_What the task asks_
Here the job is to transcribe the data exactly while omitting the images.

━━━ Dataset content ━━━

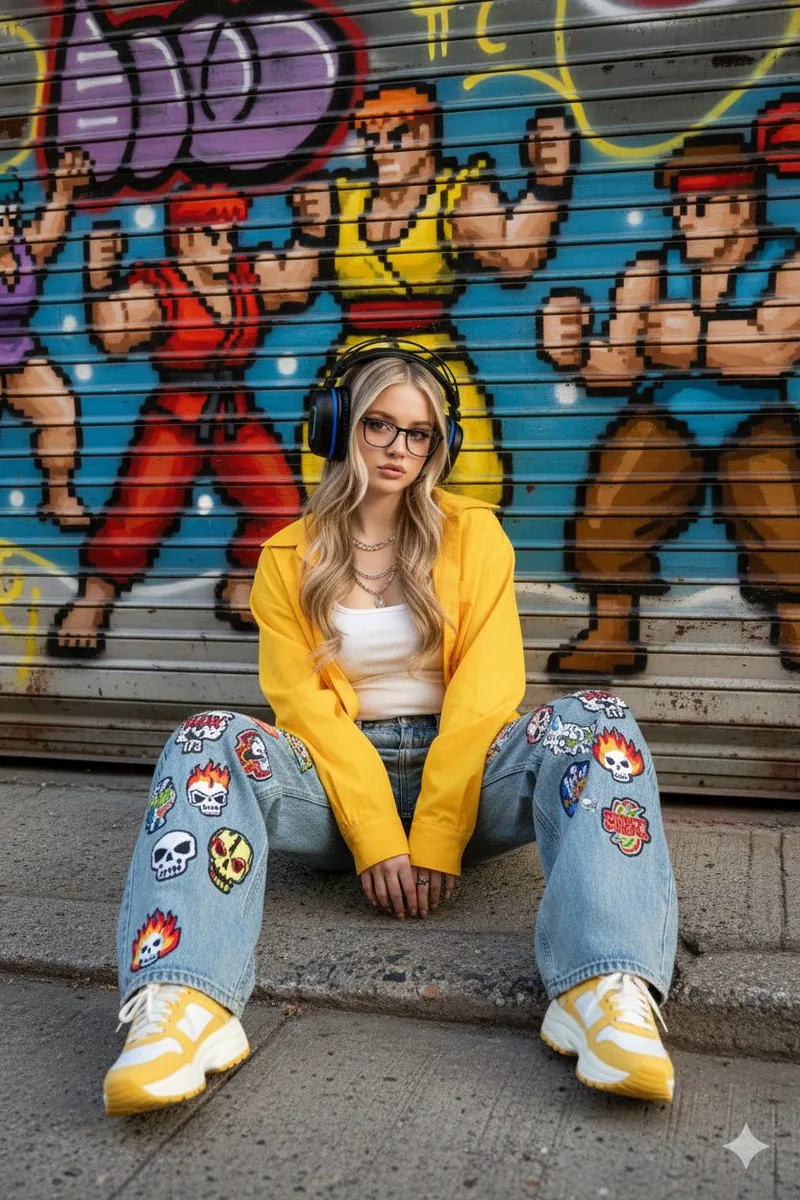 Urban Streetwear Portrait Prompt reference
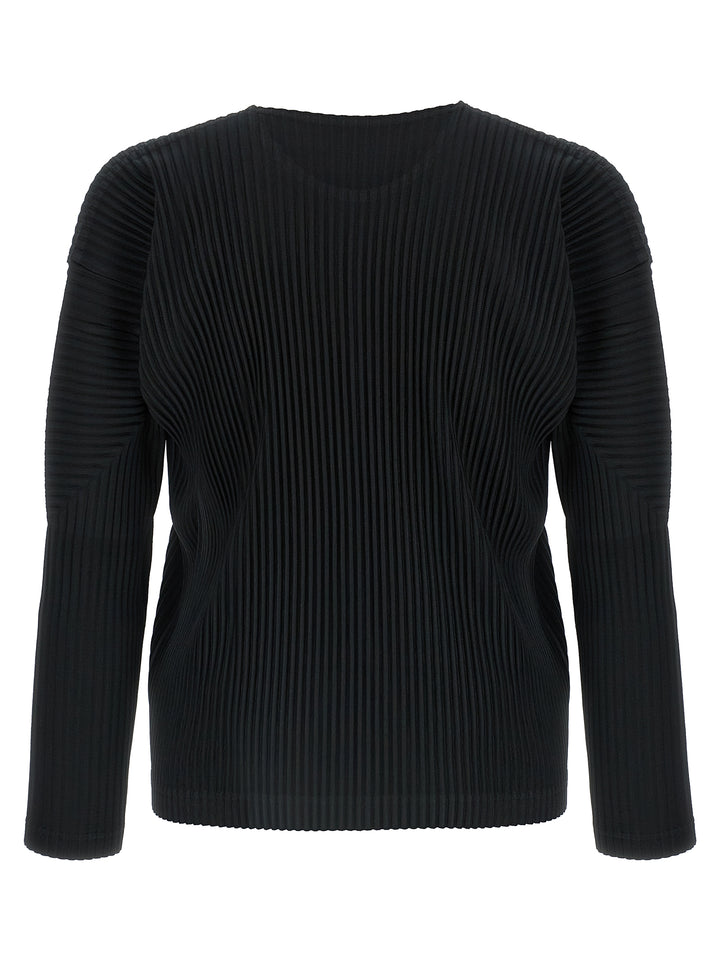 Homme Plisse' Issey Miyake Basics T shirt - Nero | 2ce52675d1ba45037a1e9b2de7073d85dbd54b56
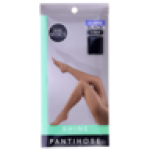 Basics Extra Large Black Shine Pantihose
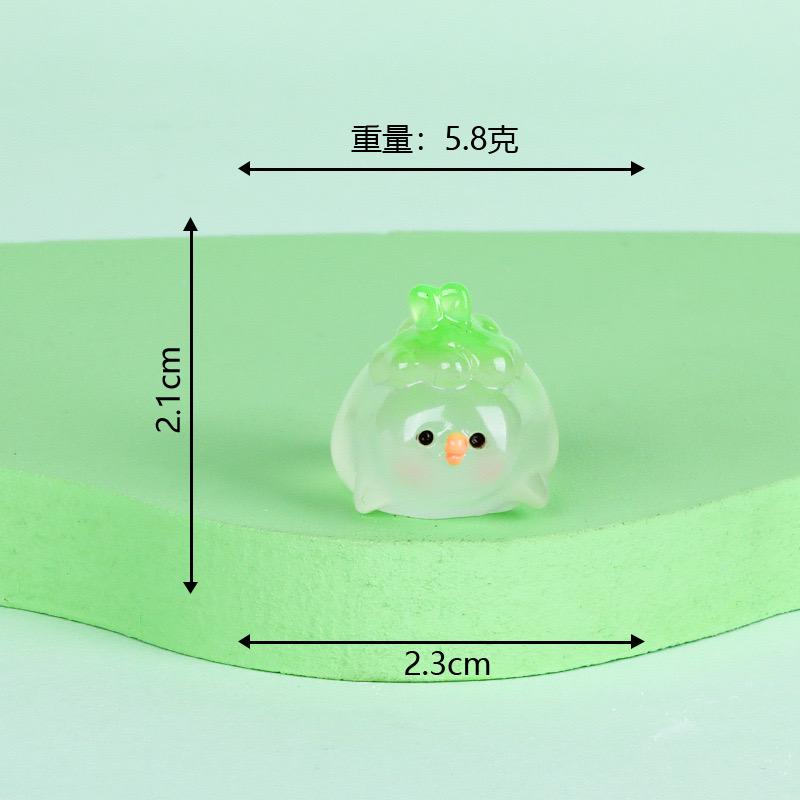 Glow in the Dark Mini Vegetable & Chick Resin Charms | Luminous Flatback Cabochons for DIY Crafts & Phone Case Decoration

━━━

_Solution_
 Urban Streetwear Portrait Prompt reference
 Homme Plisse' Issey Miyake Basics T shirt - Nero | 2ce52675d1ba45037a1e9b2de7073d85dbd54b56
 Basics Extra Large Black Shine Pantihose
 Glow in the Dark Mini Vegetable & Chick Resin Charms | Luminous Flatback Cabochons for DIY Crafts & Phone Case Decoration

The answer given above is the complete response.